(MATERIAL FOR THE TASK)

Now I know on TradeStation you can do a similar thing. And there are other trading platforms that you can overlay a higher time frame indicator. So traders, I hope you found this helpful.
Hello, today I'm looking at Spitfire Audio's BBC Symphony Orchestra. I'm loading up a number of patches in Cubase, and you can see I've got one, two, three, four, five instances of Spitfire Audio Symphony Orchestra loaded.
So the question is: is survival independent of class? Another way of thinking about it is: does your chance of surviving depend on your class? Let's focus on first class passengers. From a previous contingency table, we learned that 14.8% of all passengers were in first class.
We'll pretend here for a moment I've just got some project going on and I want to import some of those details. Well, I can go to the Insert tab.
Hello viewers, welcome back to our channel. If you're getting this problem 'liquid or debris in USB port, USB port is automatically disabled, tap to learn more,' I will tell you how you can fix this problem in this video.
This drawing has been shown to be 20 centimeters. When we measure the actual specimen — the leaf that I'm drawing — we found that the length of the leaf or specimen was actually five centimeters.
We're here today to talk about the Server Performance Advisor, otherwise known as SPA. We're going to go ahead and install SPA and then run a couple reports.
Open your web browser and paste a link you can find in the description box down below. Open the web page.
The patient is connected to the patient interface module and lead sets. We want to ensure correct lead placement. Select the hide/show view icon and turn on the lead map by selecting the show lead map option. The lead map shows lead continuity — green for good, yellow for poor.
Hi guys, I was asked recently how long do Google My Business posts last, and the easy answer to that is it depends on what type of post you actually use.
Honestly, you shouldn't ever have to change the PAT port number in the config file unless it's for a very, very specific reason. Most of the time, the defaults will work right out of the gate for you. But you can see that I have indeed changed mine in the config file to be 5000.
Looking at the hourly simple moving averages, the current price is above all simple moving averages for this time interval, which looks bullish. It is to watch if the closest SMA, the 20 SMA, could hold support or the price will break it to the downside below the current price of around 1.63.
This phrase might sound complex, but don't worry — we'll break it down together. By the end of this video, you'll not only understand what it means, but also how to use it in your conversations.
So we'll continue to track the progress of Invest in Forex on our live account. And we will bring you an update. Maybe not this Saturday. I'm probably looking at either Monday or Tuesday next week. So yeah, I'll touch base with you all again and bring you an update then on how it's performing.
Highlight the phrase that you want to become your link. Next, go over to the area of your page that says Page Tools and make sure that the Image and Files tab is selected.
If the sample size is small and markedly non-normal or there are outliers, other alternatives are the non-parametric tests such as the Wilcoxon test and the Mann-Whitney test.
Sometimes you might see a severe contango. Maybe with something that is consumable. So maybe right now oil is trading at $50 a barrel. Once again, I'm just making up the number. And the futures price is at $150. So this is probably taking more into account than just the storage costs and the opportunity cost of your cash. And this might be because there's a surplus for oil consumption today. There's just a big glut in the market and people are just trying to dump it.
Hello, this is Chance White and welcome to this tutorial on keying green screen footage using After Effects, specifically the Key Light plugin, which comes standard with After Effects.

(End MATERIAL FOR THE TASK)

Which lines run from the one holding "Open your web" through the one holding "If the sample" in the records above? Repeat them exactly, both included, and nothing more.

→ **SOLUTION TO THE PROBLEM**:
Open your web browser and paste a link you can find in the description box down below. Open the web page.
The patient is connected to the patient interface module and lead sets. We want to ensure correct lead placement. Select the hide/show view icon and turn on the lead map by selecting the show lead map option. The lead map shows lead continuity — green for good, yellow for poor.
Hi guys, I was asked recently how long do Google My Business posts last, and the easy answer to that is it depends on what type of post you actually use.
Honestly, you shouldn't ever have to change the PAT port number in the config file unless it's for a very, very specific reason. Most of the time, the defaults will work right out of the gate for you. But you can see that I have indeed changed mine in the config file to be 5000.
Looking at the hourly simple moving averages, the current price is above all simple moving averages for this time interval, which looks bullish. It is to watch if the closest SMA, the 20 SMA, could hold support or the price will break it to the downside below the current price of around 1.63.
This phrase might sound complex, but don't worry — we'll break it down together. By the end of this video, you'll not only understand what it means, but also how to use it in your conversations.
So we'll continue to track the progress of Invest in Forex on our live account. And we will bring you an update. Maybe not this Saturday. I'm probably looking at either Monday or Tuesday next week. So yeah, I'll touch base with you all again and bring you an update then on how it's performing.
Highlight the phrase that you want to become your link. Next, go over to the area of your page that says Page Tools and make sure that the Image and Files tab is selected.
If the sample size is small and markedly non-normal or there are outliers, other alternatives are the non-parametric tests such as the Wilcoxon test and the Mann-Whitney test.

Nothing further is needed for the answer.